Bir Türk askerinin çarıkları...

Bakır tencereler... Kahve değirmenleri... Yemek kapları... ve tahta kaşık.

Kaşıklar... ve çatallar...

Gaz lambaları...


Bir Türk askerinin tabancası... ve dom dom kurşunları...

İngiliz mermileri...

Fotoğraflar bu kadarla sınırlı değil... 
Beni en çok etkileyenleri eklemeye çalıştım...
Aslında... gitmeli... yerinde görmeli... 
Hissetmeli.... derin.. derin.




19 Mart 2013 Salı

Bigalı Köyü - Atatürk Evi / 17 mart 2013

Her 18 mart'ta gerçekleştirdiğimiz yarımada gezisini bu yıl gerçekleştiremeyecektik... işim dolayısıyla... Biz de bu bilinçle tatil günüm olan 17 mart'ı bu kapsamdaki bir geziye ayırmak istedik. Yarımada'nın tamamını, abideleri ve şehitlikleri gezecek kadar yeterli zaman bulamayınca Bigalı Köyü'ne gitmeye karar verdik.

Bu köyün en büyük özelliği; 18 Nisan 1915'te Atatürk ve silah arkadaşlarının gelip bu köydeki bir evi karargah olarak seçmiş olması ve bir süre bu evde ikamet etmiş olması...Bu eve daha sonradan Atatürk Evi adı verilmiş.

Köyde ayrıca bir de küçük bir müze bulunmakta... (O da bir sonraki postun konusu olsun)

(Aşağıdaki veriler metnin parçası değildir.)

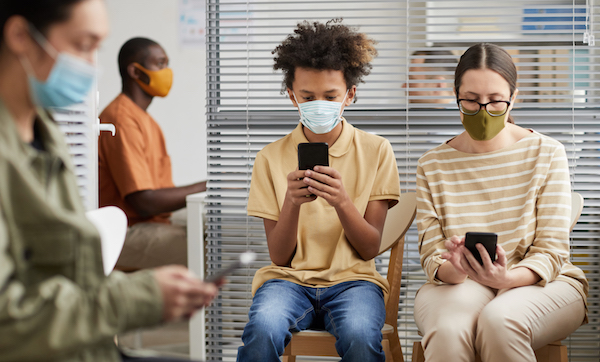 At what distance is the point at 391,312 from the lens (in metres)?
1.77

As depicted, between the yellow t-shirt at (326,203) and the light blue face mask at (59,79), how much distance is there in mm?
957

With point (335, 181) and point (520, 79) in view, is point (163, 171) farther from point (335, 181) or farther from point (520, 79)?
point (520, 79)

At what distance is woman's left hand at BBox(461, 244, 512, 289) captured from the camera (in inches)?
56.4

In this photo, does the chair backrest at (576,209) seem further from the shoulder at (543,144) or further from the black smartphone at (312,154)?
the black smartphone at (312,154)

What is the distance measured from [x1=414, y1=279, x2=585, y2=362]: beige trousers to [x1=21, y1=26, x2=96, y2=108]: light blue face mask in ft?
3.54

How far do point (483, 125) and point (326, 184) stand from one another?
1.71ft

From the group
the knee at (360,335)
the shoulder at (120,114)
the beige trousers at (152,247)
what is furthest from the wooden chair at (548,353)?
the shoulder at (120,114)

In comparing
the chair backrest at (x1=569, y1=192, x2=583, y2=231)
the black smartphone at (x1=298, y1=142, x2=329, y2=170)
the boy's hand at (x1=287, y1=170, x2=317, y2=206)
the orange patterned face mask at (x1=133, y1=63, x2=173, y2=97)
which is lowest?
the chair backrest at (x1=569, y1=192, x2=583, y2=231)

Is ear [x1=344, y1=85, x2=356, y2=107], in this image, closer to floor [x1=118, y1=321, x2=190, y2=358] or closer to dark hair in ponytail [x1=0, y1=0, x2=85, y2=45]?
dark hair in ponytail [x1=0, y1=0, x2=85, y2=45]

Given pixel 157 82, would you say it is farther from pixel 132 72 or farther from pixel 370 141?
pixel 370 141

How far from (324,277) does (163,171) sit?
1714 mm

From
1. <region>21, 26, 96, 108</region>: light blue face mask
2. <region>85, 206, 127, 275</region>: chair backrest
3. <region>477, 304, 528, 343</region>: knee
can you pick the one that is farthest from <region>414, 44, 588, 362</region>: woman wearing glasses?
<region>21, 26, 96, 108</region>: light blue face mask

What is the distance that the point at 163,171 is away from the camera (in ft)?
10.2

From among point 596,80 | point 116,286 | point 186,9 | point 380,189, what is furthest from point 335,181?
point 186,9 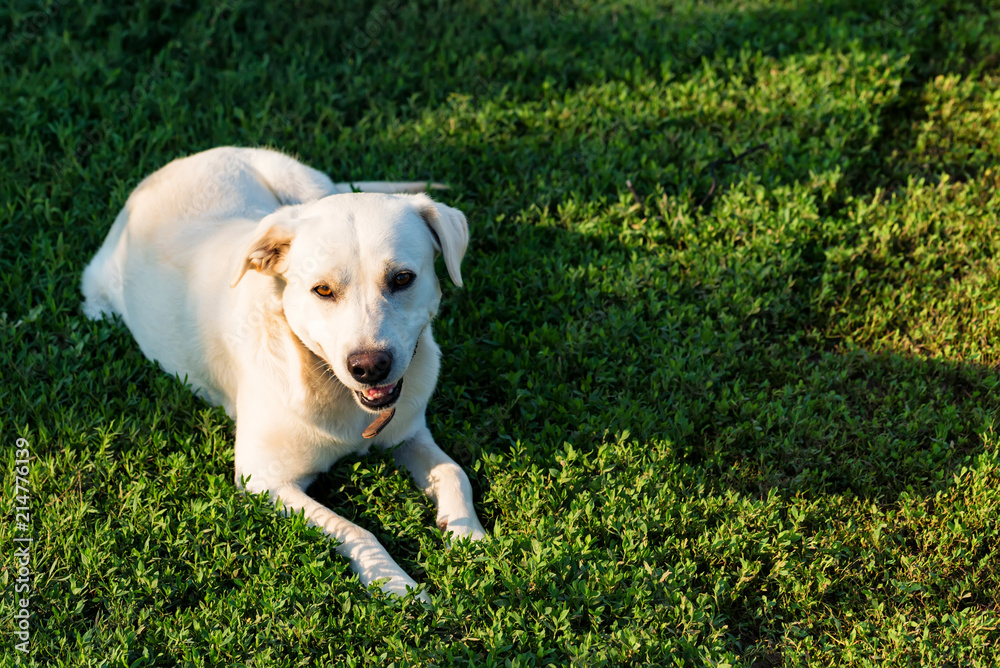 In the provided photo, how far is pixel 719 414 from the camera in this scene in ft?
13.5

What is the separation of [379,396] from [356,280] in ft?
1.56

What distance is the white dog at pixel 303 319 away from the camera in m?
3.20

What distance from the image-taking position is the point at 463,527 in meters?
3.47

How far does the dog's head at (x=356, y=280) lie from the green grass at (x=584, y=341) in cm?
77

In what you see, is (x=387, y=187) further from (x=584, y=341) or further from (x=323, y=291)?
(x=323, y=291)

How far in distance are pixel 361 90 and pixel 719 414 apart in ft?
12.2

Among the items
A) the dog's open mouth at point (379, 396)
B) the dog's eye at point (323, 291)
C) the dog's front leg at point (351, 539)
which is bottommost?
the dog's front leg at point (351, 539)

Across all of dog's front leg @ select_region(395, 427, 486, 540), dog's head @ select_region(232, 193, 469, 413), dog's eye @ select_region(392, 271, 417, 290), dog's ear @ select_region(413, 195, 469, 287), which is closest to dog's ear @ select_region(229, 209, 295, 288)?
dog's head @ select_region(232, 193, 469, 413)

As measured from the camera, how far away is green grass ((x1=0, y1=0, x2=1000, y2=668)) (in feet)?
10.4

Atatürk Evi'ni paylaşmadan önce biraz köyden söz etmekte yarar var. Köy, Gelibolu'ya 37,  Eceabat'a 7 km uzaklıkta... Nüfusu 200 civarı olmasına rağmen modern taş binaların bulunduğu, içme suyu ve asfalt yolu olan, sokakları arnavut kaldırımı döşeli, düzenli bir köy. Her köy gibi bu köyün ortasında da büyük bir meydan var ve sokaklar bu meydana açılıyor. Meydan'da bakkal, ailelerin kullanımına açık çay bahçesi ile birlikte kahvehane, cami, müze ve bir dolu ev var.

Duvarlarda sık sık Ata'mızın posterlerini ve bayrağımızı görmek mümkün.

Atatürk Evi'de bu meydana açılan sokaklardan birinde bulunuyor.
Bu sokak diğer sokaklara göre daha hareketli ve daha bir yaşayan sokak.
Çanakkale Zaferi'ni hatırlatan ve simgeleyen ürünlerin satışının yapıldığı küçük dükkanlar ve yöresel yiyeceklerle elişi ürünlerin daha çok hanımlar tarafından satışa sunulduğu duvar diplerine kurulmuş küçük küçük stantlar var.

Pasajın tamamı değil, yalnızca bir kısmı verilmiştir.